小林秀雄は、中原中也に対するコンプレックスから生涯脱することができなかったのではないかと、私は思っている。
小林も天才の一人ではあるが、それは中也の天才とはちがう。ちがいすぎる。
小林は中也に対するコンプレックスから逃げることも押し潰されることもせず、早逝した中也の天才というものを、自らの天才で再構築したのではないかと思える。
中也の帽子をかむった有名な写真の目、この世のものには焦点が合わず、その先を見るがゆえに絞りが開いているような目が、見つめていたものを、小林は、近接から無限遠まで見とおすような、あの引き裂かれたような目で描き直そうとする。
彼は、中也の持っていたものを、すべて自分のものにしなければ気が済まなかったかのようである。

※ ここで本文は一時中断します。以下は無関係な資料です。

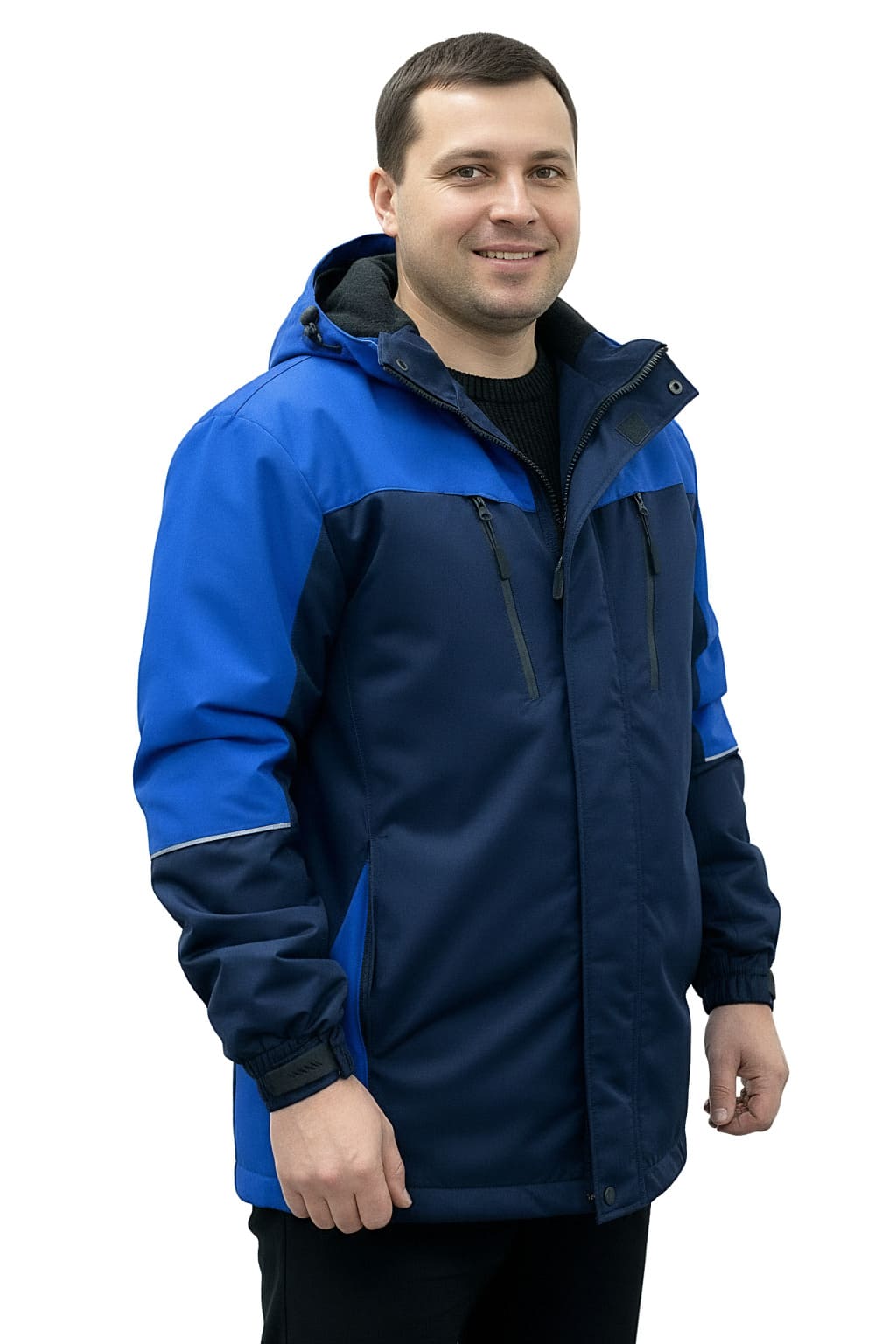 Куртка мужская "Флагман" демисезонная, синяя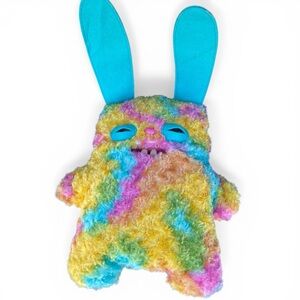 Zuru Fuggler Bigg Fuggs XL Rabid Rabbit 18 inch Funny Ugly Monster Plush NWT
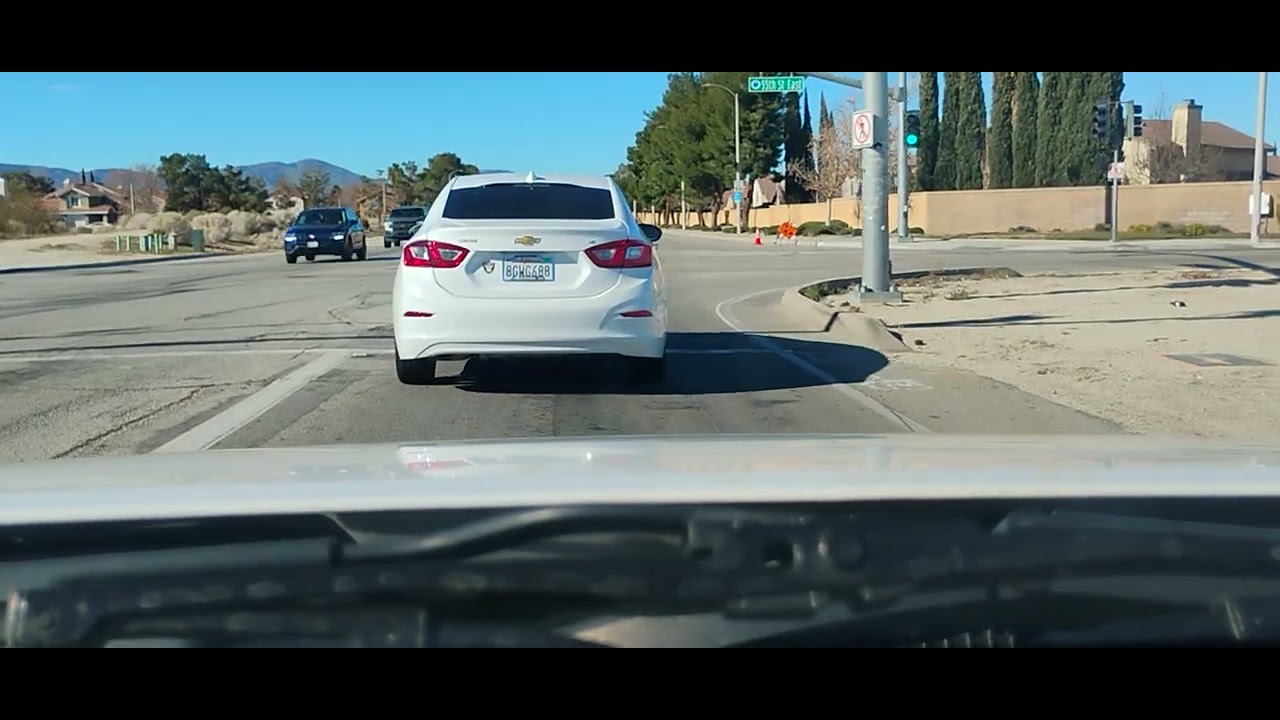 crazy lady almost hit me while making an illegal u-turn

(たとえば長谷川泰子を奪ったように・・・?)
それはジェラシーであると同時に畏敬であるような感情と、その具現的な行為だったのである。
だからこそ、『モオツァルト』は実体験から二十年(中也の死後から十年以上)経ったから書くことができたようにも思える。
小林秀雄の『モオツァルト』は高校二年生の時に買って読んだのだが、なんだか難しいという印象だけが残った本だった。
晦渋とも思える小林の文章も、言葉ではない「そのもの」を、言葉で表現しようとする苦闘の跡であることが、それから三十数年経った今になって理解される。
美しいものを「美しい」という言葉ではなく、その美しさのもたらした心的・身体的反応を同様に読み手にもたらしたいという、表現者にとってごく当たり前でありながら最も困難な道を、小林秀雄は生涯たどったのだと思う。
そしてそれは小林以前には、中也が(血を吐く思いの一生涯の中で)ごく当たり前のように成したことなのだと、私は思う。

じつは、そのようなことを考えたり思ったりする余裕もないような戎橋筋商店街の雑踏の中を、私はひたすら人混みを南へと、南海難波駅へ向かった。